Ich sehe als Problem den beliebten Sitzrohroffset, der es ermöglicht, die Kettenstreben extrem kurz zu bauen und trotzdem nicht auf Federweg verzichten zu müssen. Für mich als 1,90 m Mann ein falscher Ansatz. Er bewirkt nämlich, dass der Sitzrohrwinkel exakt zur körpergrößengerechten Sattelstützenauszugslänge passen muss. Als Kettenstreben noch lang sein durften, verzichtete man auf diesen Offset, weshalb sich die Sitzposition nicht so extrem über die Hinterachse verschiebt. Bestes Beispiel dafür ist das alte 2005'er Kona Stinky. Ich fahre beim Stinky einen XXL Rahmen mit 449 mm langen Kettenstreben bei 178 mm Federweg. Die sonstigen Geometriedaten sind abgesehen von der Tretlagerhöhe mit etwas über 360 mm sehr modern und entsprechen eher modernen L Rahmen. Auch das Steuerrohr dürfte nicht kürzer sein. Sonst müsste ich mehr Spacer unterlegen. Moderne Rahmen haben dann ein 15 mm kürzeres Steuerrohr und ebensolche kürzere Tretlagerhöhe, was ich aber gar nicht unbedingt will, weil ich sonst auf verblockten Trails ständig mit den Pedalen hängen bleibe. Den Kritikpunkt, dass man mit langen Kettenstreben das Bike nicht gut zum Wheelie/Manual hochziehen kann lasse ich nicht gelten. Entweder kann man es, oder man kann es nicht. Da helfen auch kurze Kettenstreben nicht wirklich. Ich habe da den Vergleich, weil mein Fusion Raid mit 427 mm eher kurze Kettenstreben hat. Das hat aber auch einen Sitzrohroffset und ich sitze bei Rahmengröße L (hätte damals besser XL gewählt) fast über der Hinterradachse. Da fällt das hochziehen etwas zu leicht.
Jetzt soll das ICB Trailbike keine 180 mm Federweg bekommen. Da empfehle ich einen 0 Offset und entsprechend lange Kettenstreben. Man darf nicht immer das bauen, was gerade in den Magazinen angesagt ist.


----------



## MTB-News.de




----------



## Stefan.Stark (28. Juni 2014)

Ich finde es recht interessant, wie sich manch einer die Überlistung der Physik wünscht: Auf der einen Seite können die Kettenstreben nicht kurz genug sein, dann ist aber die Sitzposition zu weit über dem Hinterrad... ein Sitzrohr-Offset ist auch nicht so toll... wenn man dann den Sitzwinkel steiler macht ist die Position beim pedalieren auf einmal nicht mehr angenehm... außerdem ergibt sich eine schlechte (Radlast-)Balance, wenn das Bike nach vorne raus zu lang wird...

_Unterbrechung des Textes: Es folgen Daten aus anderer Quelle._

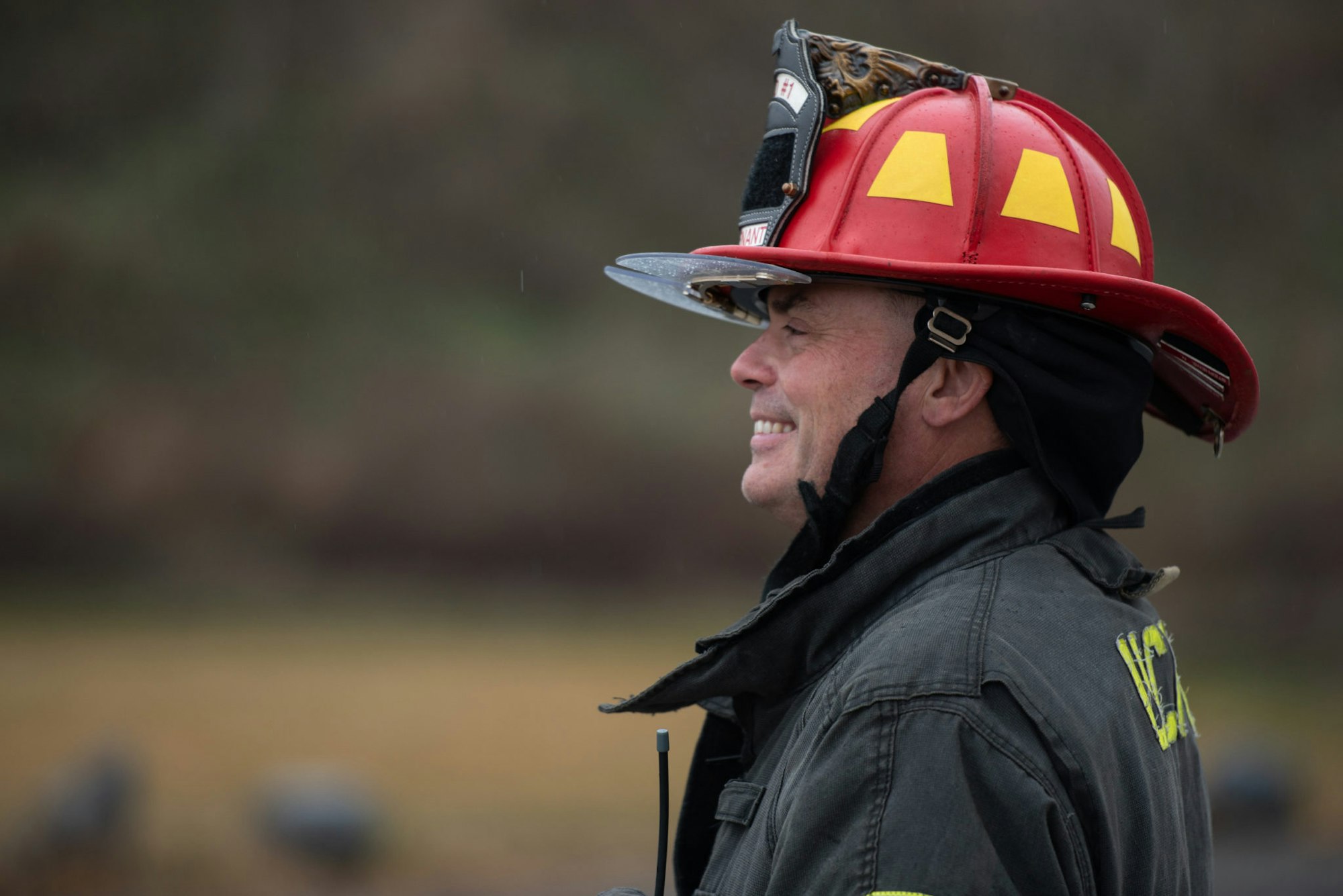 May contain: clothing, hardhat, helmet, adult, male, man, person, and fireman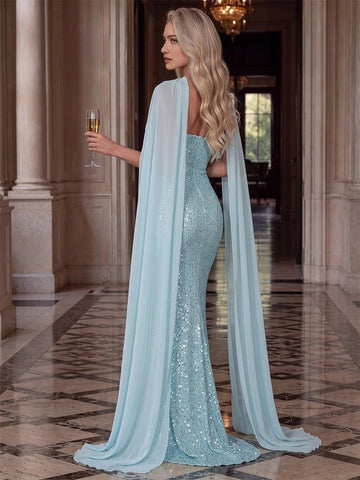 Ice blue sequin evening dress with strapless back and long flowing cape back view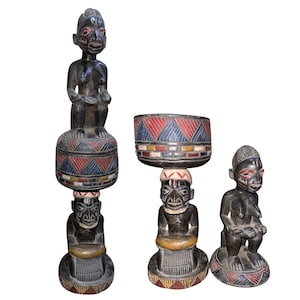 Puede incluir: Cuatro esculturas de madera oscura de figuras humanas. Las esculturas tienen patrones geométricos rojos, azules y amarillos. Las figuras están sentadas o de pie, con rasgos faciales tallados. Probablemente se trate de arte africano.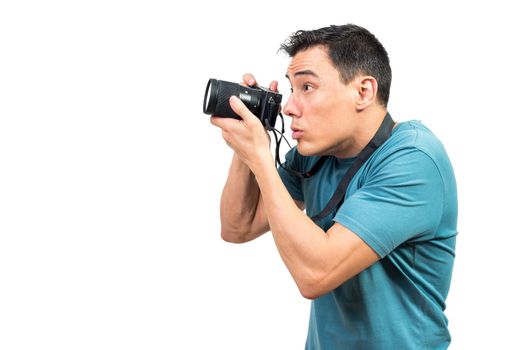 Side view of attentive male photographer taking photo on camera on white isolated background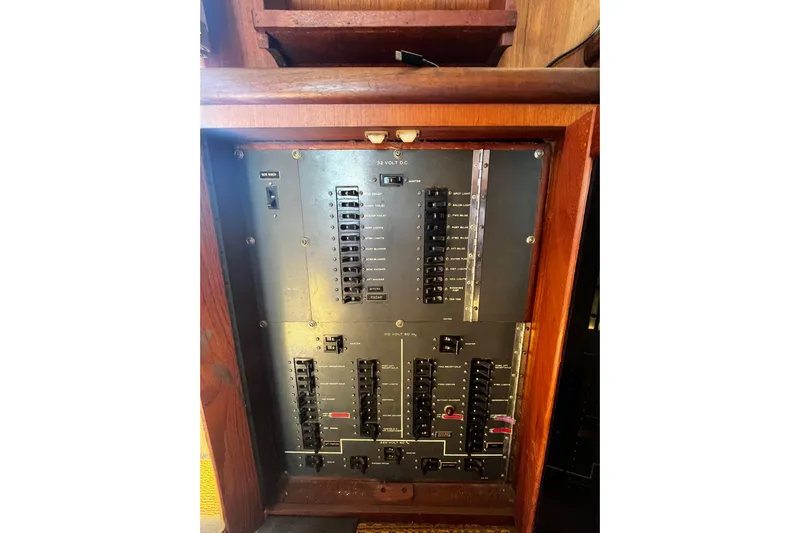  Yacht Photos Pics Electrical panel of a 1978 Hatteras 53 Yacht Fisherman, featuring circuit breakers.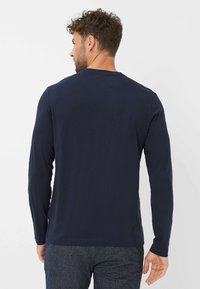 Marineblaues Langarmhemd aus weichem Stoff, mit rundem Halsauschnitt und bequemer Passform. Es hat minimalistische Nähte und ein kleines Etikett am Saum.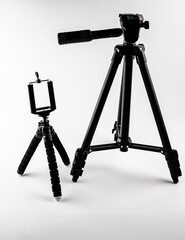 Tripods for the camera, camcorder on a white background. Tripod for smartphone and camera.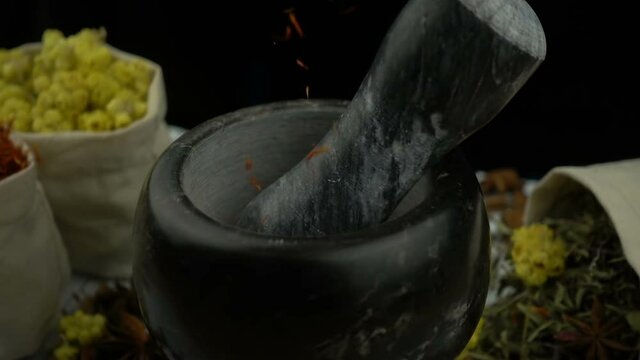 Herbs and flowers falling into the granite mortar with pestle in slow motion. Healthy and organic food, herb medicine, natural care, aromatherapy and organic cosmetics concept.
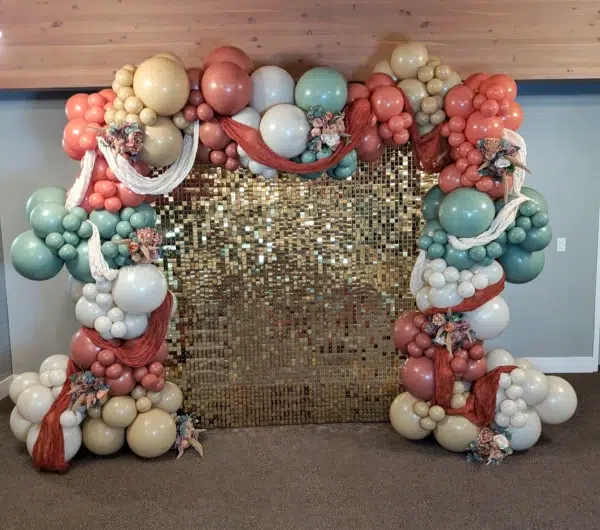 Colorful balloon arch with gold sequined backdrop, perfect for celebrations and photo opportunities. Floral accents add a charming touch.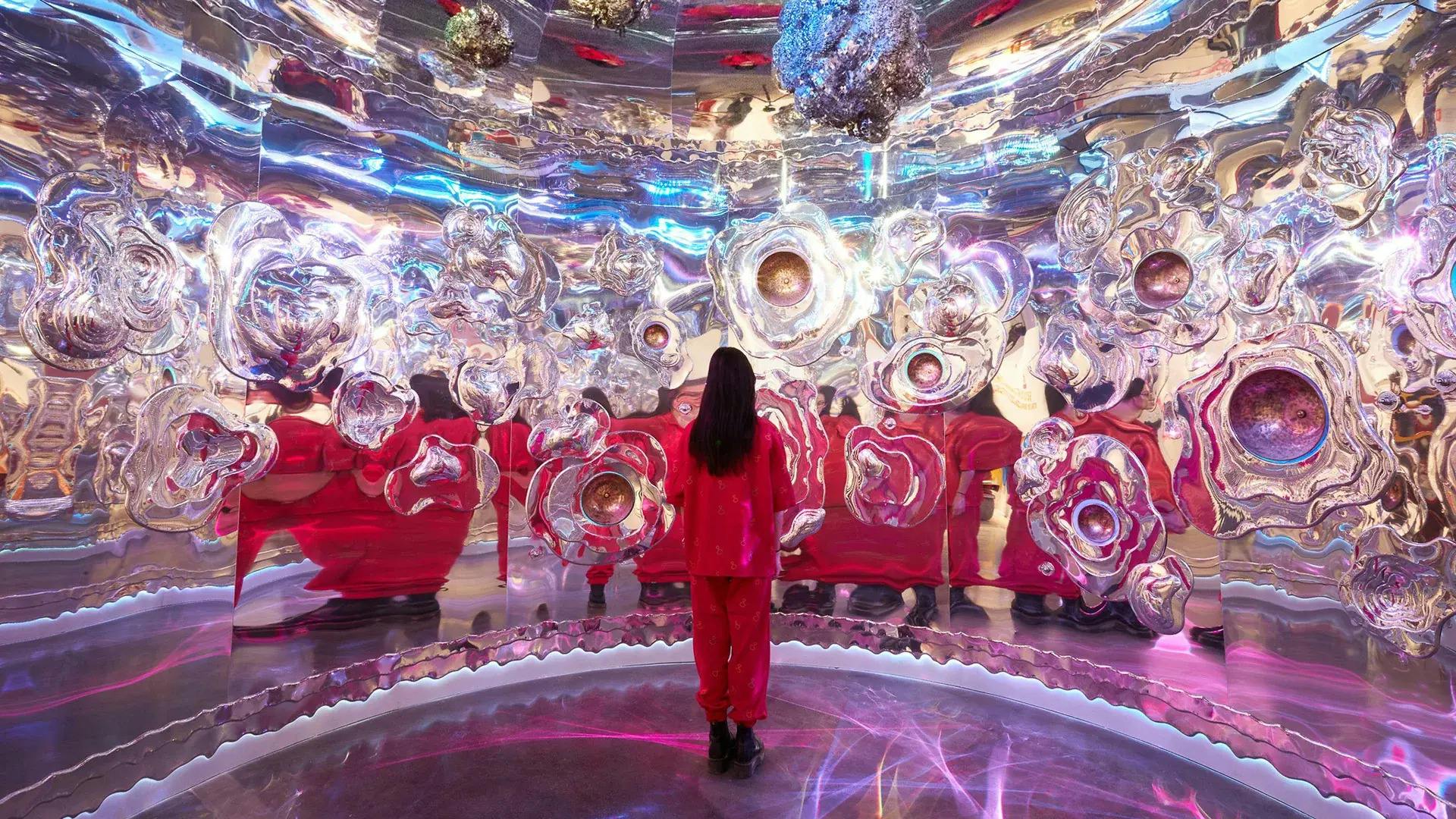 Osoba v červeném oblečení stojí uvnitř pohlcující, reflexní umělecké instalace s abstraktními, kovovými tvary na stěnách a stropě.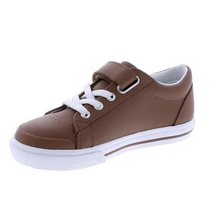 Load image into Gallery viewer, Footmates Reese Brown Leather Sneaker- Leather blucher oxford vulcanized sneaker featuring hook-and-loop closure and decorative elasticized false-laces.
Custom Fit System – Removable,&nbsp;dual&nbsp;insoles in Medium and Wide provided for customized fitting.
Roomy Toe Box – Allows tiny toes room to breathe and splay naturally during walking, enhancing balance and reducing rubbing, friction, and moisture.
Arch Support – Shoe last and insole designed to provide proper arch support for developing feet.
Firm He
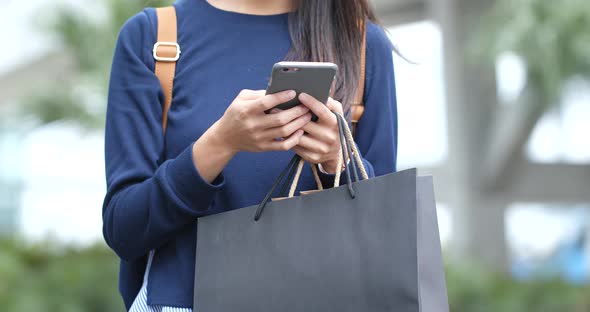 Woman use of mobile phone and hold with shopping bag
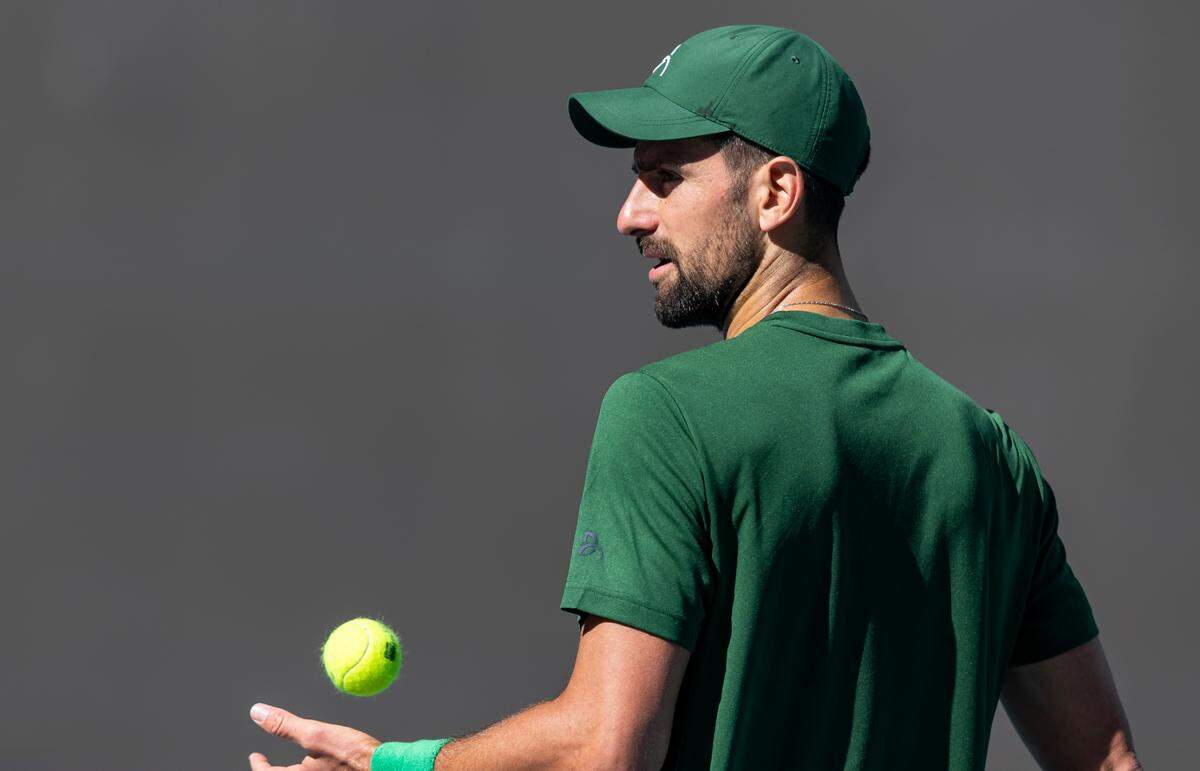 Novak Djokovic, from Serbia, prepares to serve the ball during a practice session at the Miami Open tennis tournament on Tuesday, March 18, 2025, at Hard Rock Stadium in Miami Gardens, Fla.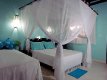 Temáticos Suíte na coloração suave, com uma cama de Casal e uma possível cama extra :: Pousada Jardim das Margaridas - Foto 5 Temáticos Suíte na coloração suave, com uma cama de Casal e uma possível cama extra :: Pousada Jardim das Margaridas - Foto 5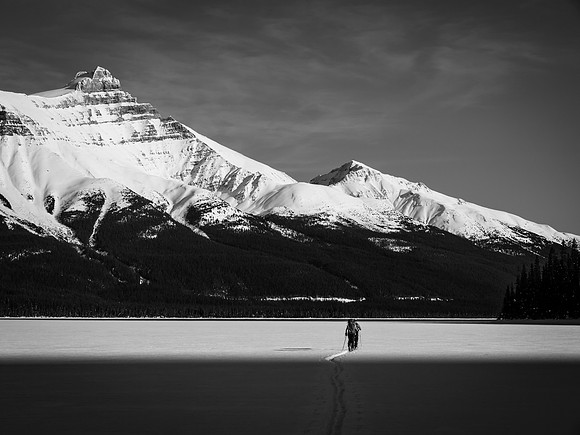 Finding the sun as we cross Hector Lake - Mount Hector rises over 1600 meters above us on the upper left.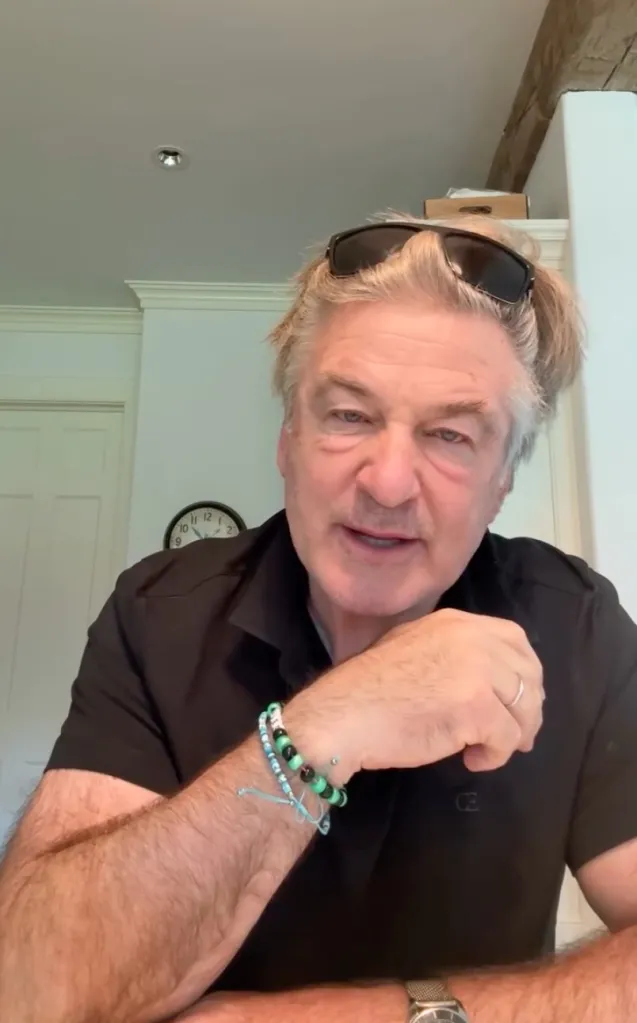 Alec Baldwin in a black shirt with sunglasses on his head and beaded bracelets on his wrist.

Die Physik lässt sich nun mal nicht besiegen, das macht sich auch bei den ganz kleinen und großen Rahmen bemerkbar... gerade Probleme mit der Sattelüberhöhung lassen sich aufgrund der fixen Gabeleinbaulänge nur sehr begrenzt in den Griff bekommen, ein 50mm langes Steuerrohr wird einfach nicht halten und ein 200er Steuerrohr wird kaum ein Kunde akzeptieren, weil es einfach merkwürdig aussieht. In vielen Bereichen lassen sich also nur Kompromisse erreichen...

Deswegen meine Meinung: Superkurze Kettenstreben sind ganz großer Mist. Neben einer Geo-Disbalance ergeben sich auch noch eine Menge Bauraum-Probleme in der Konstruktion und die Steifigkeit leidet, weil es nicht genug Platz für große Queschnitte gibt. Eine 435er Kettenstrebe ist sicher nicht zu lang und erspart uns eine Menge unnötiger Probleme!

Greez,
Stefan


----------



## xTr3Me (28. Juni 2014)

Also kurze Streben bedeuten für mich nicht wirklich wenig Steifigkeit. Das Demo hat 423er Streben und ist besonders für seine extreme Steifigkeit bekannt. Alles eine Frage der Konstruktion..


----------



## nuts (28. Juni 2014)

xTr3Me schrieb:


> Also kurze Streben bedeuten für mich nicht wirklich wenig Steifigkeit. Das Demo hat 423er Streben und ist besonders für seine extreme Steifigkeit bekannt. Alles eine Frage der Konstruktion..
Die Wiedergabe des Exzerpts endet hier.